§ **EXERCISE**
Lines before the one holding "Bala Rosa s přídavným popruhem" are not wanted. Please copy that line and everything after it to the end of the records, exactly, skipping pictures.

+--

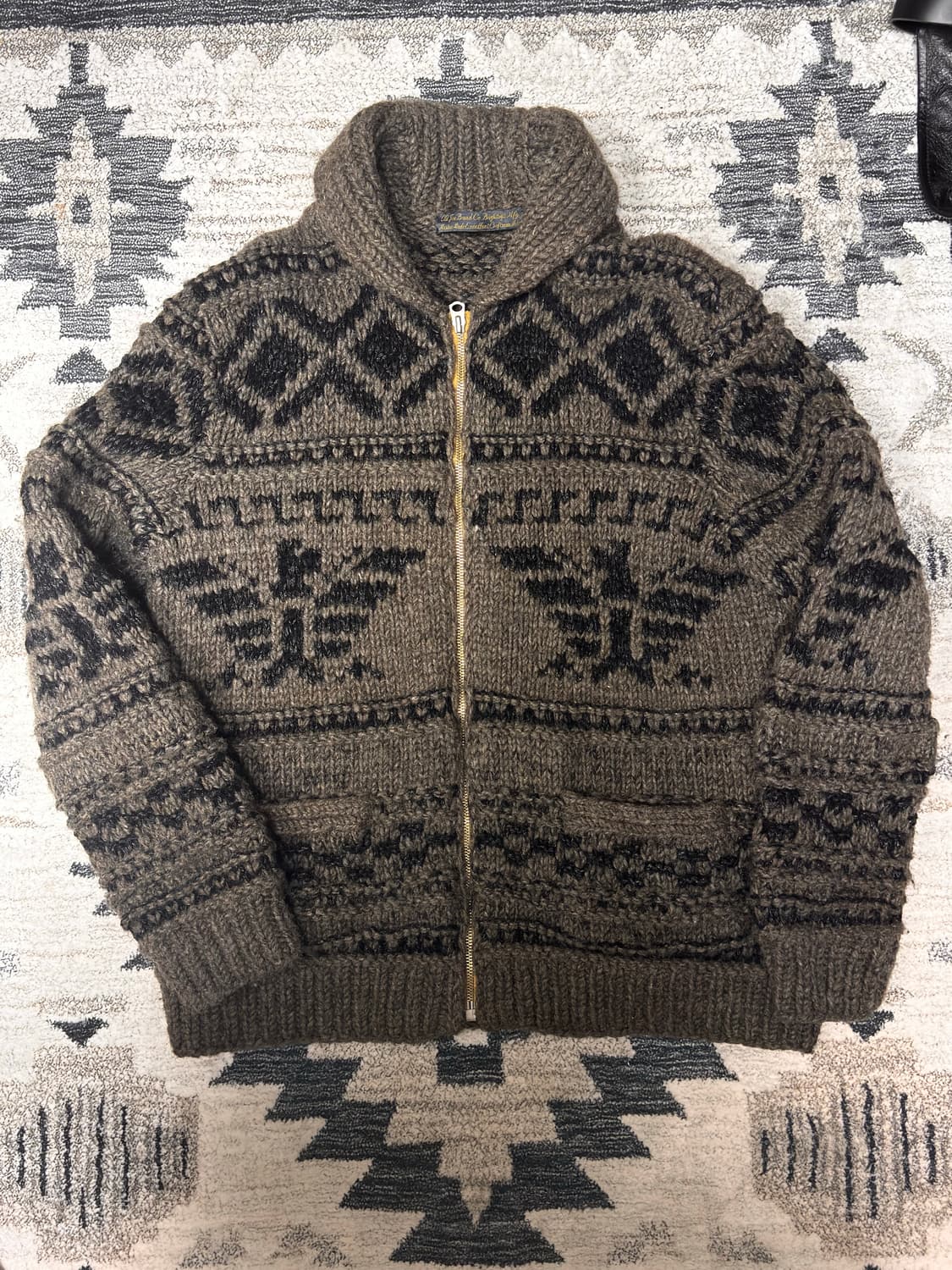 [38] 올드조 썬더버드 코위찬 상품이미지1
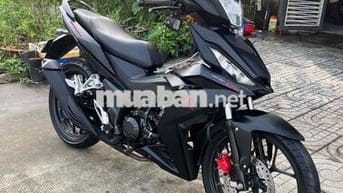 winner 2018 đen nhám đặc biệt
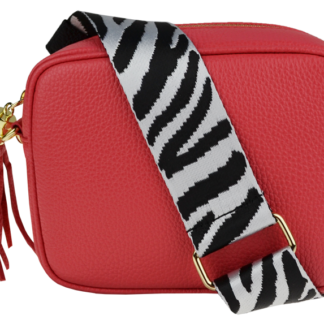 Bala Rosa s přídavným popruhem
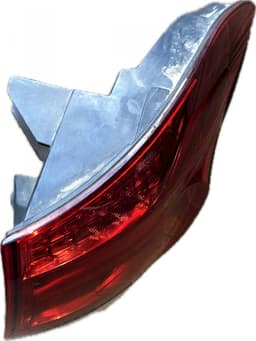 BMW Tail light, right BMW 5 GRAN TURISMO (F07) (2009-2017) — thumbnail 2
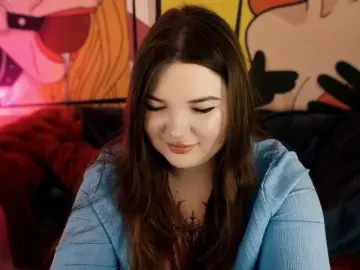 Bongacams Free Live Porn of RosieMoons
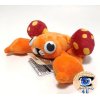 Authentic Pokemon Center Plush Pokemon fit Paras 18cm (wide)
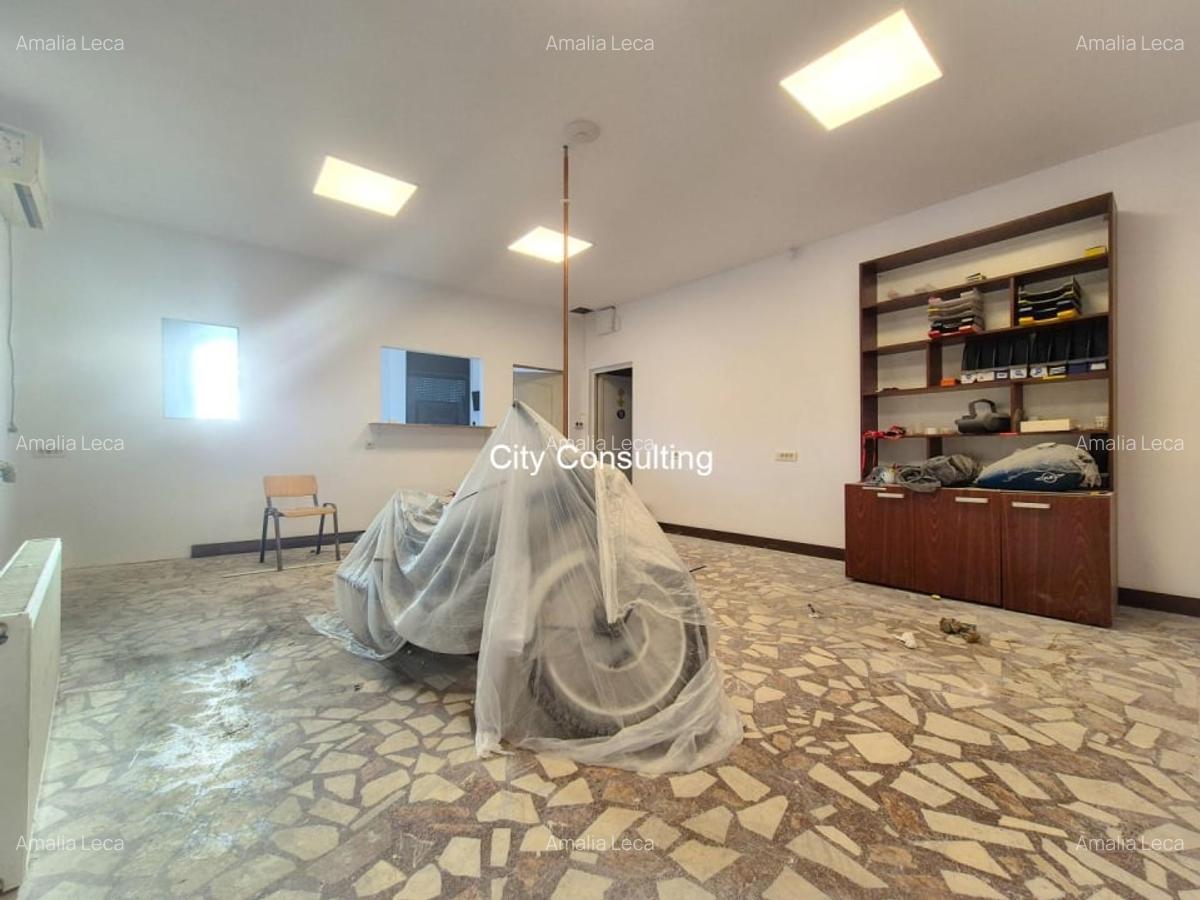 Inchiriere casa Spatiu Comercial Calea Ferentari - 4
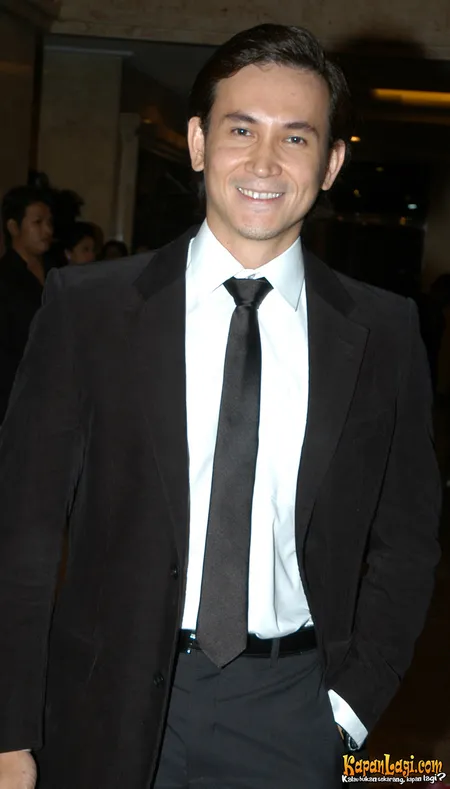 Foto Marcellino Lefrandt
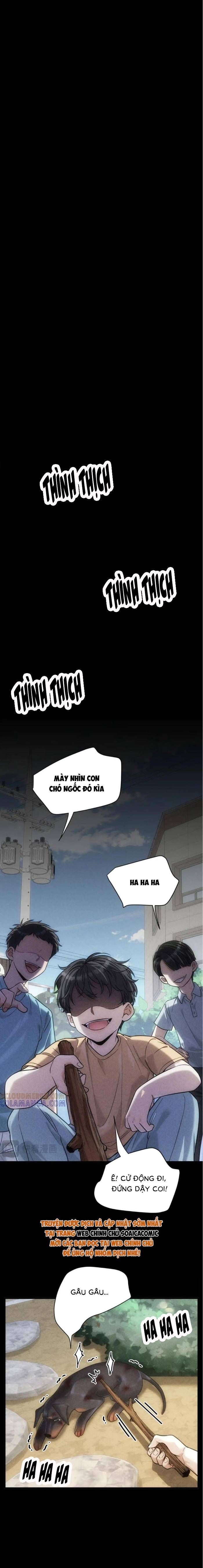 Tổng Tài Chó Chapter 47 - 3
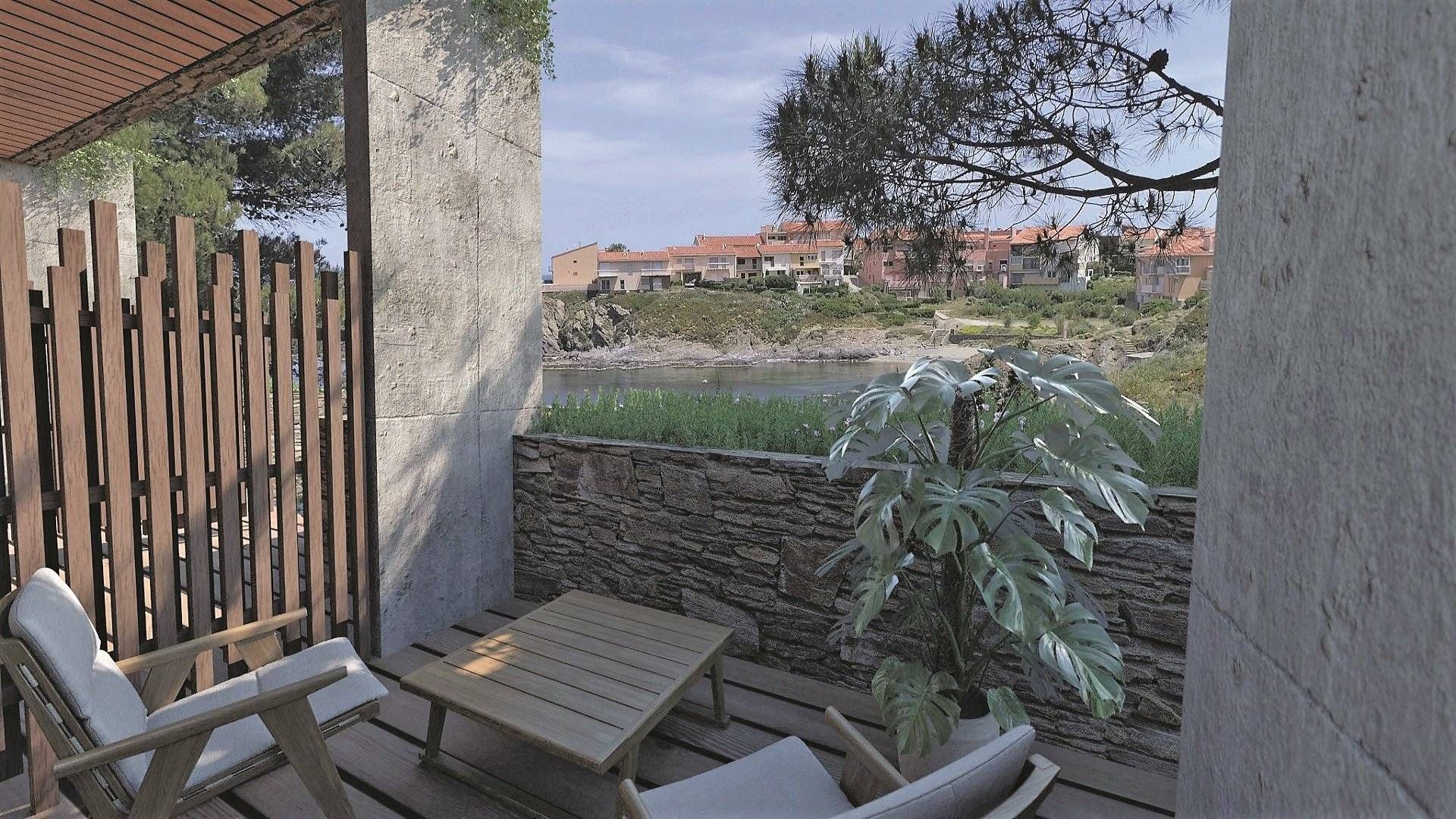 casa no Collioure, Occitanie 11181492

+--

§ **EXPECTED ANSWER**
 Bala Rosa s přídavným popruhem
 BMW Tail light, right BMW 5 GRAN TURISMO (F07) (2009-2017) — thumbnail 2
 Bongacams Free Live Porn of RosieMoons
 Authentic Pokemon Center Plush Pokemon fit Paras 18cm (wide)
 Inchiriere casa Spatiu Comercial Calea Ferentari - 4
 Foto Marcellino Lefrandt
 Tổng Tài Chó Chapter 47 - 3
 casa no Collioure, Occitanie 11181492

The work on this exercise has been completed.